Mr. Solomin will meet with UCSJ leaders in the national office in Washington early this week. Among other topics, he will brief them on his treatment by Kazakstani officials and the current state of labor and human rights in the Central Asian nation.
Naftalin said he was happy for Solomin and his family, but cautioned that the case raised some very troubling issues about the conduct of security officials (SEE BACKGROUND BELOW). "The Kazak KGB brought trumped-up charges against Solomin in retaliation for his activism in the independent labor movement," Naftalin said. "They continually made reference to his Jewish identity while interrogating him and his associates. They tried to intimidate his family and colleagues into turning him in. These authoritarian practices are simply unacceptable, and so UCSJ will continue to monitor abuse of fundamental human rights by the government of Kazakstan through our Kazak-American Human Rights Bureau in Almaty."
Background
On November 17, 1996, Solomin and Mr. Pyotr Svoik, the leader of the Kazakh Social Democratic Party, led a silent protest in Almaty, the Kazakh capital, that was attended by 500 members of the Trade Union and the democratic movement Azamat. Protesting deep economic deprivations, the demonstrators, with their mouths sealed with tape, protested the government's refusal to meet with workers and other citizens. Earlier, over the course of several months, the labor movement had organized several hunger strikes to protest the economic crisis. For their involvement, they were tried and convicted; Svoik received a suspended sentence while Solomin was assessed a fine.

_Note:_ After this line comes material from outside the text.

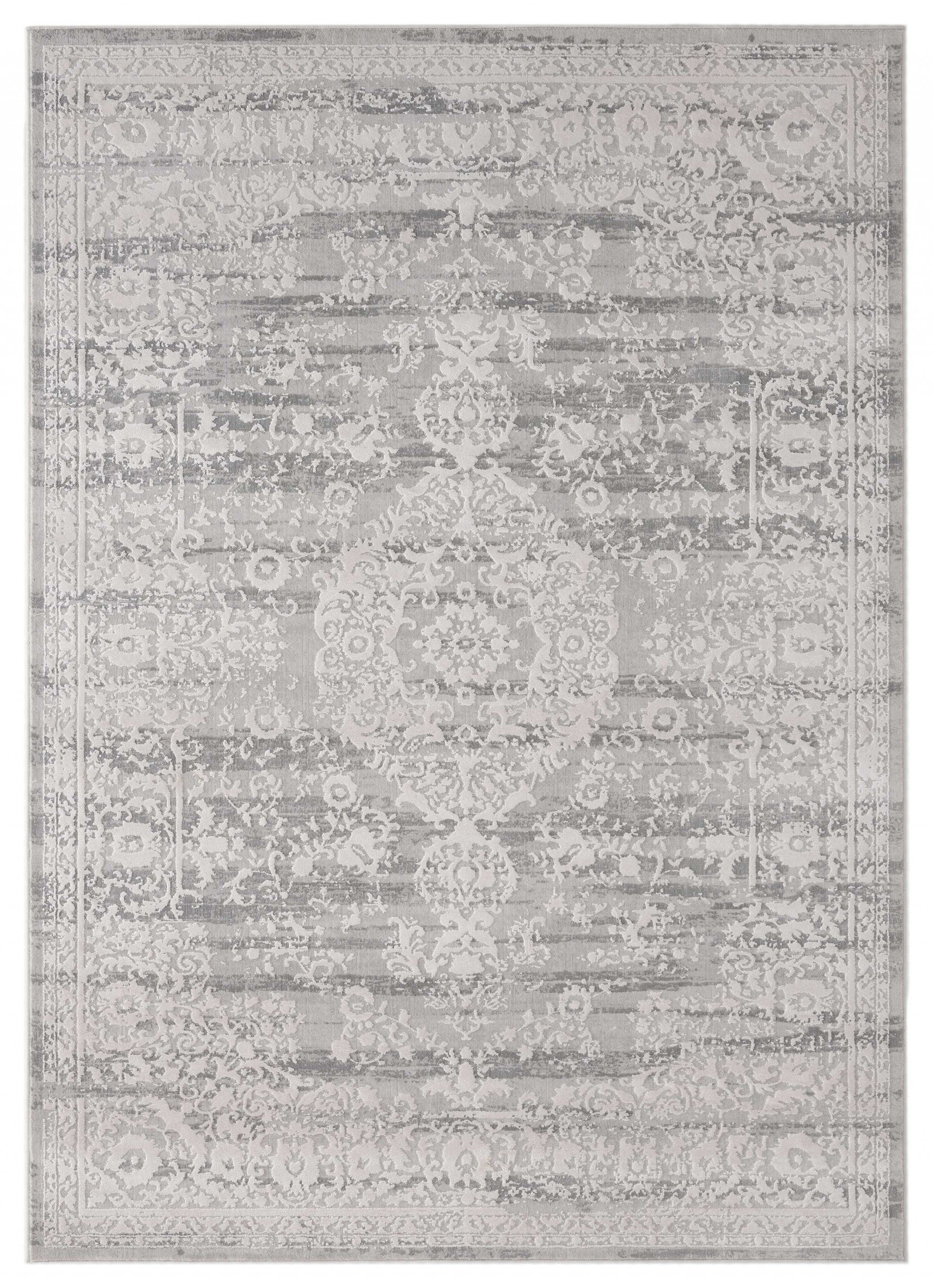 63" x 86" Grey Viscose / Polyester Area Rug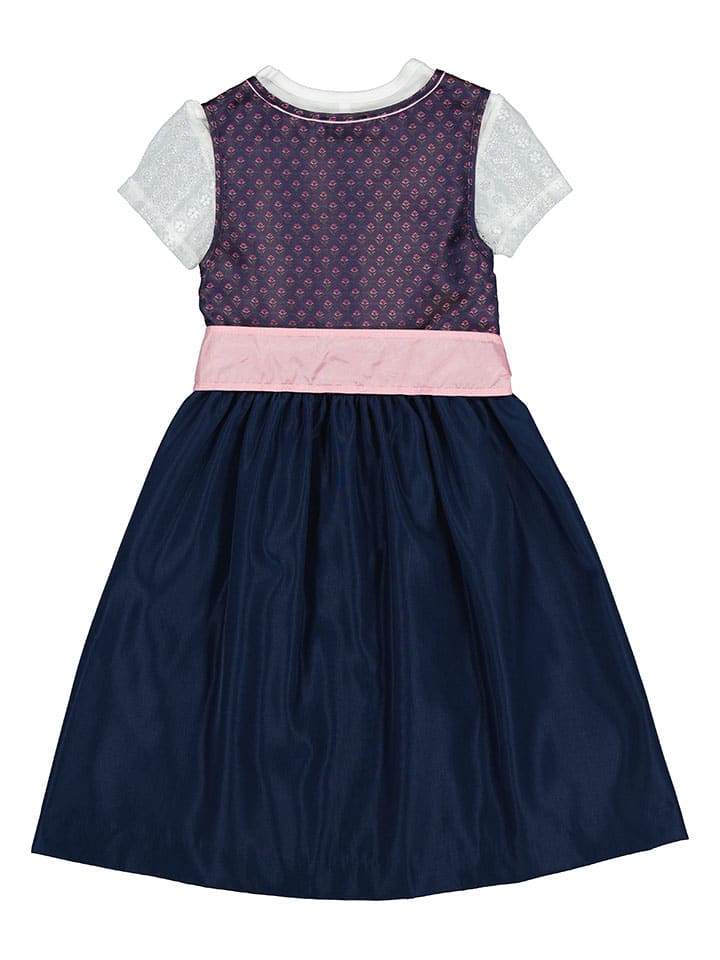 Turi Landhaus Dirndl in Dunkelblau/ Rosa günstig kaufen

Thereafter, the KGB opened criminal investigation case No. 248 against Solomin on January 6 and launched a nationwide intimidation campaign, exhorting Trade Union leaders to abandon the independent Confederation and provide incriminating evidence against him. Many union leaders stated that KGB interviewers tried to intimidate them, accusing them of "selling themselves to the Jew, Solomin" and alleging that the Independent Trade Unions are Jewish.
In mid-February 1997, Solomin was called into the office of KGB investigator P. Shumeiko and requested to give evidence against himself. Solomin was accused of a violation of hard currency operations under Article 74.1, Criminal Code of Kazakstan. Shumeiko was the investigator who, last December, had publicly solicited compromising information about Solomin. Another KGB investigator, K. Diusupov, acknowledged that he ordered the interrogation of people in the provinces. Financial books and records of the Trade Union were neither requested nor examined by the KGB, even though leaders who were interrogated were told that Solomin was a thief and should be in prison.
For three days, February 24-26, S. Melnikova, the Trade Confederation's bookkeeper, was detained, intimidated and continuously interrogated by KGB investigator Tikhomirov. Threatening to imprison her for 12 years, the KGB forced her into giving false evidence of the Union's finances. Only after her release, in late February, did investigators Shumeiko and Tikkhomirov visit the Confederation office in Almaty and seize financial documents. Clearly, she was coerced into divulging information about the location of the documents. As a consequence of her treatment, she suffered from severe depression, her legs were numb, and she needed time to recuperate at home.
On February 26, Solomin's apartment was broken into, and all Union financial records and diskettes (which he had taken home to prepare for the investigation) were stolen by persons unknown. One can hardly doubt that the burglary was actually an illegal KGB search and seizure.
In March, Solomin's defense attorney, A. Pologov, was interrogated and harassed by KGB agents for four hours and, on threat of reprisals, was pressed to abandon his representation of Solomin. These tactics were unsuccessful.
During his own interrogation, Solomin was urged by one of the KGB investigators to "leave Kazakstan before it is too late," a proposition that clearly marked the case as political, not criminal (it is also a common threat leveled at the country's Jewish citizens). Solomin responded, in a letter to the Procurator General: "I have no place to go and, in any event, I will not leave, because I am responsible for the fate of the people, the common workers, who believe in me."